Currently, August offers tampons, pads, and liners that are sustainably made with 100% organic cotton and biodegradable materials, are hypoallergenic, fragrance-free, and free of harmful chemicals. August has plans to expand their product offering to additional period products for the consumer that doesn't want to use tampons and pads, and regularly taps their community of over 4,000 fans and consumers on Geneva, a messaging app for groups, to test new products and provide feedback on upcoming launches.
“One of the coolest parts about watching our community grow has been watching that authentic and organic conversation take place in real time,” said Jain. “Gen Z and millennials in particular want to have conversations about periods. They want to talk about what they're feeling on their period.
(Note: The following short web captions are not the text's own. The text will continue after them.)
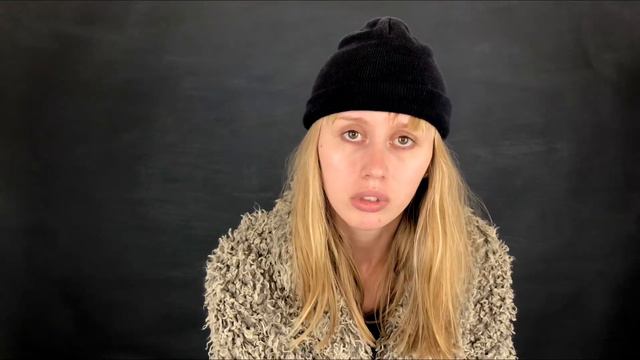 Самопроба «Хмельная любовь» смотреть онлайн
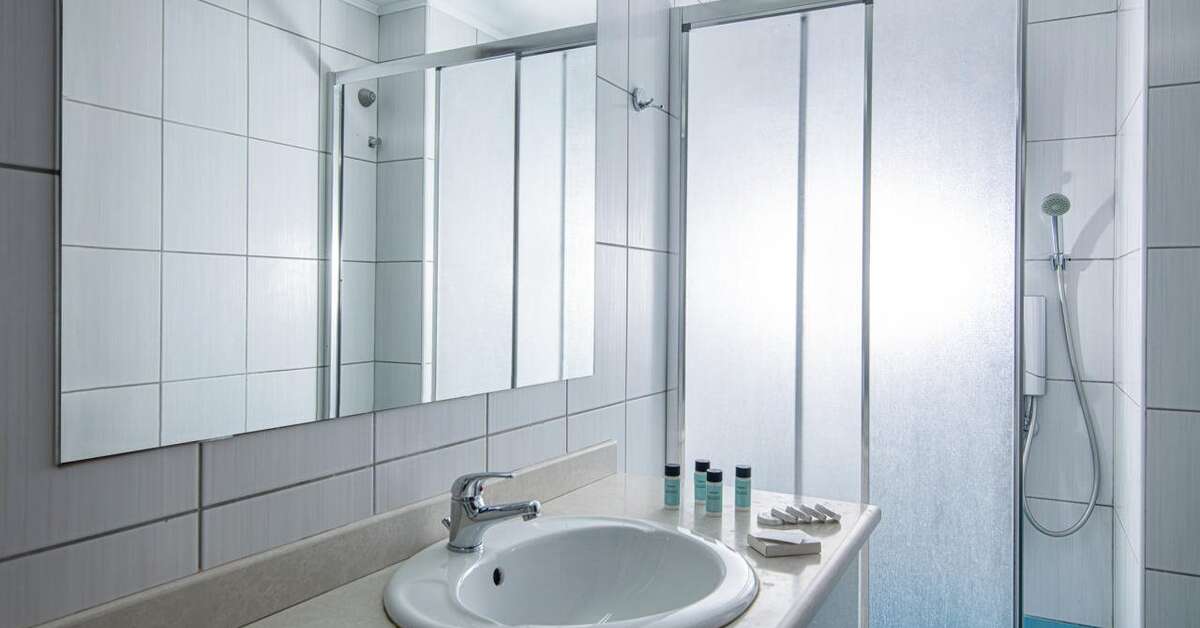 Een foto van Aegean Sky Hotel & Suites
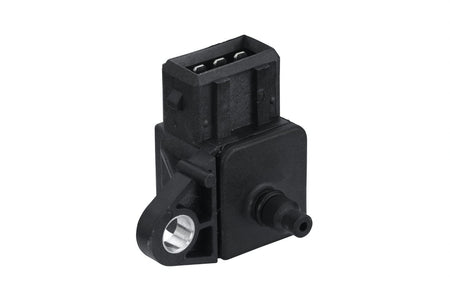BMW 7 Series (F01, F02, F03, F04) MAP Sensor, Hella OEM, OEM 13 61 7 787 142, MPN 6PP 009 400-321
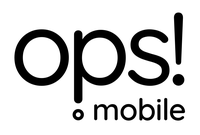 Logo Ops! Mobile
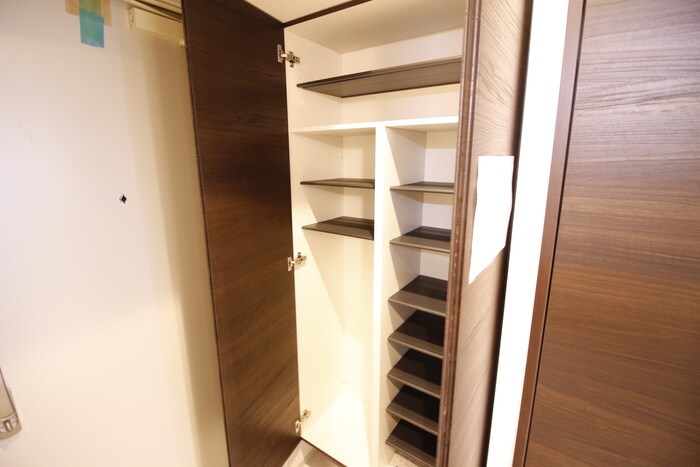 物件内観写真22　(靴箱)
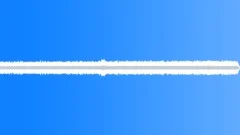TOKYO CITY Big Blade Fan in the Street in Close Up Sound Effect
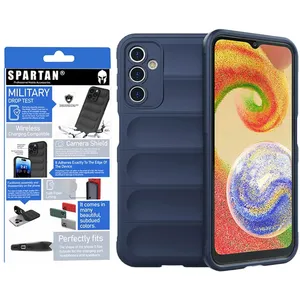 Spartan Flex Armor Cover for Samsung Galaxy M14 / M14 5G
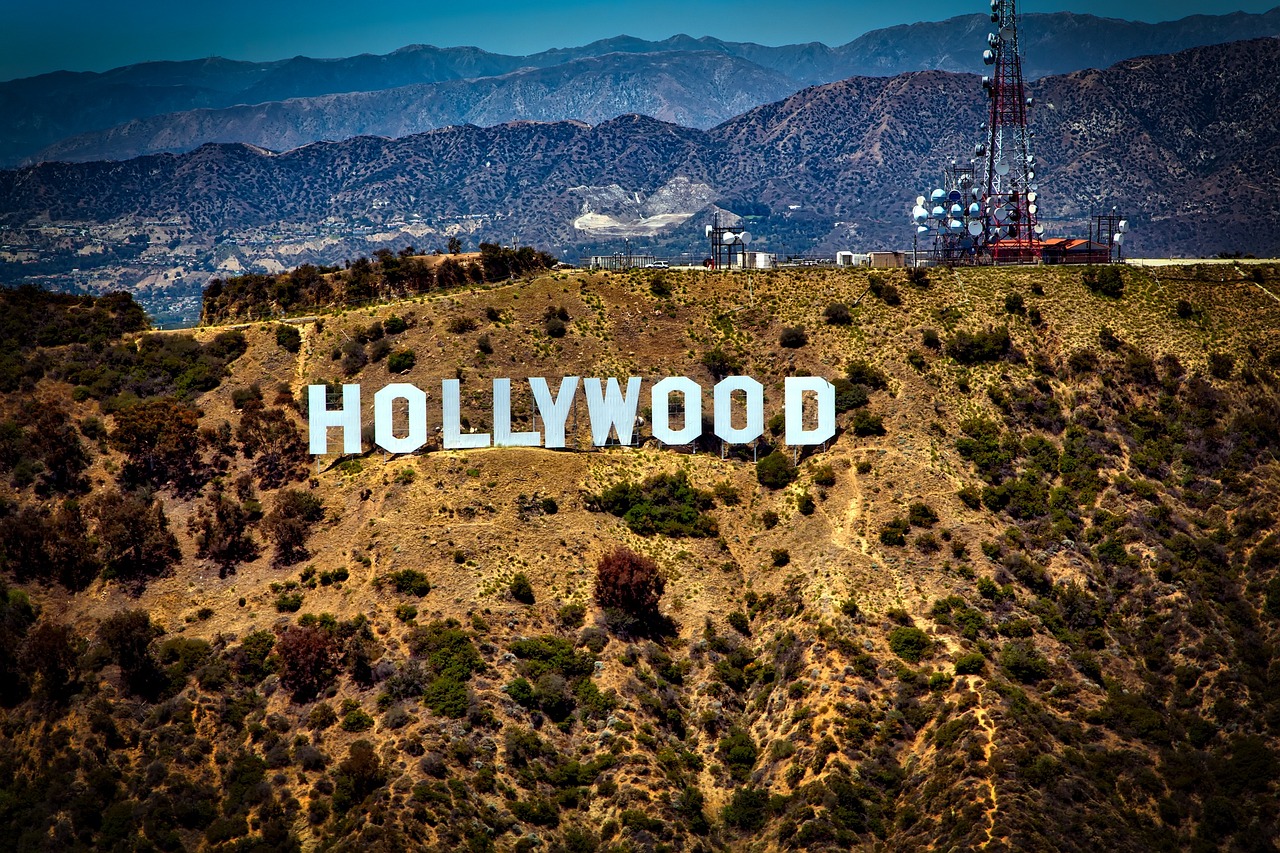 10 things to see and enjoy in hollywood with kids in one week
That's not something that they're ashamed of or that they feel should be taboo. There just hadn't been a real environment created for them to be able to do that.”
Jain describes August as a “consumer-built brand,” which he believes is different from a “consumer-driven brand,” which leverages data from customers to grow. “We wanted to have [our consumers] actively involved in building the brand,” he says. “A lot of that comes from this place of when we started August and seeing that this customer was not being served, and there's an opportunity to build something that didn't exist before. And I think the only way to do that is to actually have them be involved in that creation process.”
While August’s mission is to make menstrual products more accessible and affordable to all, it’s also hoping that it will inspire other companies to do the same. This collective change can make a huge impact in ending period poverty, which is something that Okamoto says is more attainable than some might think.
“Poverty in general is really hard to solve,” said Okamoto. “However, there are tangible things that laws and companies can do to address period poverty. And like that, that feels very motivating because it does feel in some way solvable.”
So much progress has been made in the last 10 years, no doubt thanks in part to Okamoto’s initiatives, from starting a nonprofit to co-founding a period care brand. The tampon tax existed in 40 states in 2014. Today, in 2023, it's only in 22 states. In another 10 years, it’s entirely possible that the tampon tax may be eliminated altogether. August is at the forefront of this cultural shift, and they hope other period care brands will join the fight for menstrual equality.
“It's really, really rewarding and fulfilling to see and there's a lot more work to be done, but it feels doable.”